I get that they might say, "I'm not racist! I just think hiring should be colorblind." But they haven't really thought critically about these issues if they're parroting right-wing talking points about wokeness and affirmative action.

I'm really sorry that you're in a situation where you feel like you have to teach these people some really basic anti-racist principles. Is it possible that these white men are using their relationship with you to prove their anti-racist credentials? "I can't be racist because Anon wouldn't date me" gives them a lot of room not to interrogate their own beliefs.

White people have so much racism to unlearn. You aren't obligated to teach this to anyone, though, and especially not intimate partners. This is a huge red flag for your relationships, especially because it doesn't sound like they are open to learning. Your lack of ability to communicate or confront around this is NOT the problem. I suspect if you felt like they were truly curious about your perspective and open to learning, you'd be a lot more comfortable with the nuances here.

I don't exactly mean #notallwhitepeople, but I can say there are lots of white folks who may do or say something racist but are trying to be better, and would definitely not talk about wokeness and affirmative action as problems rather than solutions. Tolerating racist rants is not the price of admission to have a relationship with any given white person. Yes, we can be exhausting and racist and annoying, but, like, not always in that super deliberate and gross way.

I want better for you, and I think you want better for yourself.
posted by bluedaisy at 11:54 AM on October 11, 2022 [7 favorites]


I don't know of any organisation you refer people to in that situation. What I have are friends who will talk about this stuff, and various group chats with good links to videos etc.
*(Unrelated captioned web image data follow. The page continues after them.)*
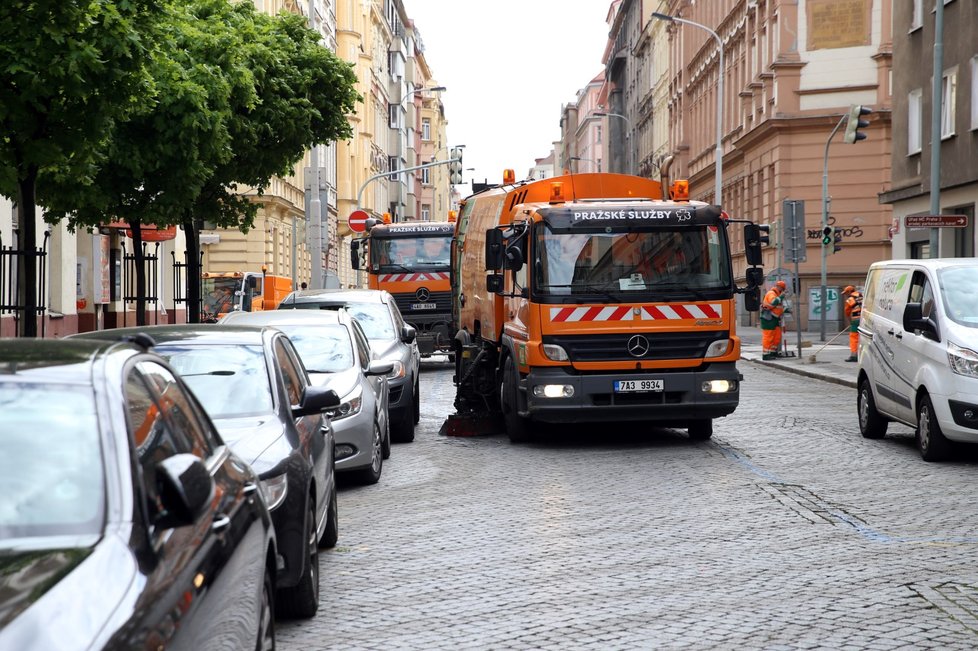 Slezská ulice je dlouhodobě v nevyhovujícím stavu.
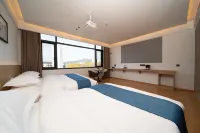Dongli Holiday Hotel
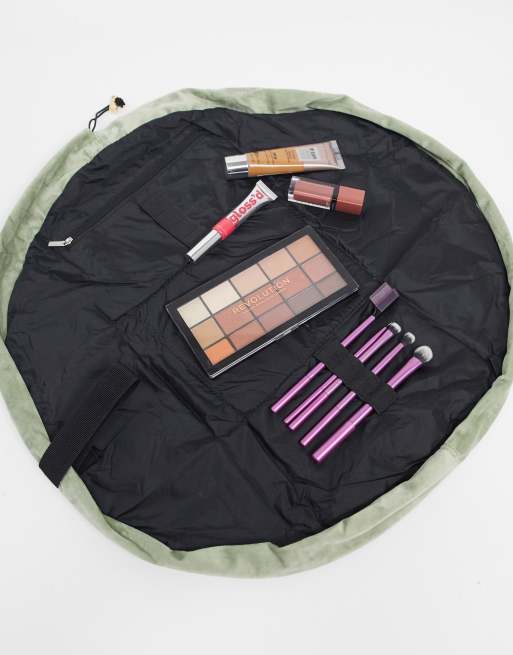 The Flat Lay Co. - Makeup-taske med løbesnor - Salviegrøn velour, 3 af 4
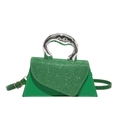 Bolso trapezoidal verde con solapa brillante y asa metálica plateada elegante - Verde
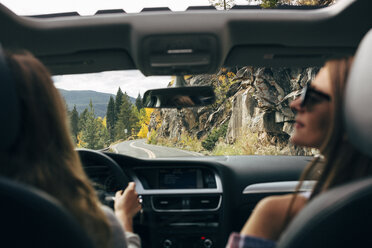 Rückansicht von Freundinnen, die im Auto unterwegs sind - CAVF36958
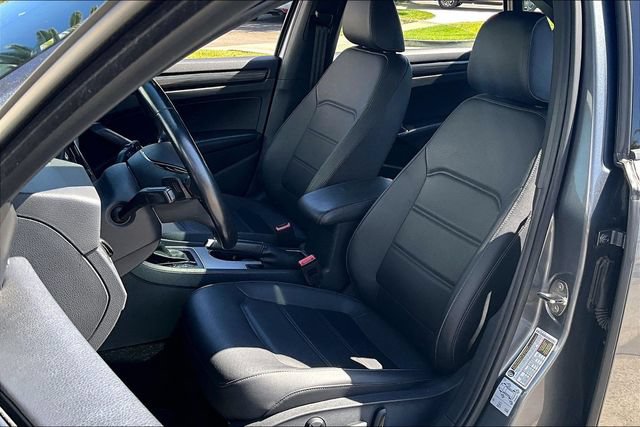 Used 2021 Volkswagen Passat 2.0T R-Line FWD image 24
I am white and in a (nominally - colonisation and Australia is a whole thing) relationship with someone who had Aboriginal heritage. Several close friends are PoC. I would never expose them or myself to someone making comments like that. If I had a partner making similar comments they would take time to make their bias and incorrect assumptions clear (in various ways). I've seen them do it with various kinds of biases and incorrect statements. I've done similar, particularly when it has intersected with someone's identity and they're not comfortable doing so. I've had my own perceptions and biases challenged.

Do you have a friendship group who could assist? It isn't as standardised and requires emotional labour from people, but it's how my friendship group tends to work. Rarely in a formal way, more in a "yeah nah mate that's fucked" or a variation.

(It does take humility though - not everyone responds well to being corrected or informed, or even being made aware their assumptions are steeped in various forms of bias.)